▸ What you will do: Using the listing below, retype exactly the lines starting at the one with "Super All Stars" and ending at the one with "L. Silveira ir G.Arlickaitė", and include both.

▸ Supplied material:
[Start of Attachment]
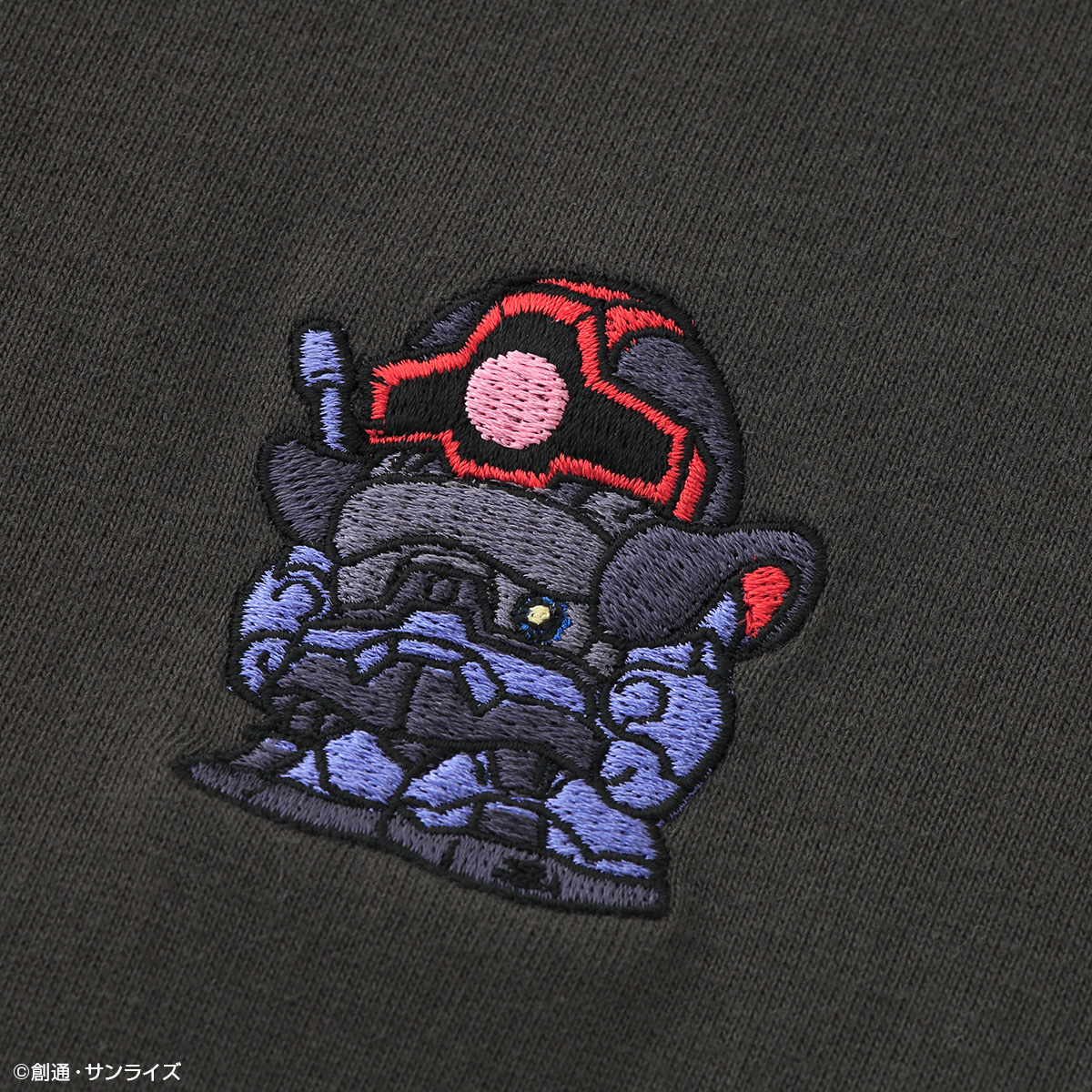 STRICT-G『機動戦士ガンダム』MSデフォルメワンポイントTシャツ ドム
[End of Attachment]
[Start of Attachment]
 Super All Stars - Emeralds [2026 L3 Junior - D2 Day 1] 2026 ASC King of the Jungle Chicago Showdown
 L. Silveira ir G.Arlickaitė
[End of Attachment]
▸ Result:
 Super All Stars - Emeralds [2026 L3 Junior - D2 Day 1] 2026 ASC King of the Jungle Chicago Showdown
 L. Silveira ir G.Arlickaitė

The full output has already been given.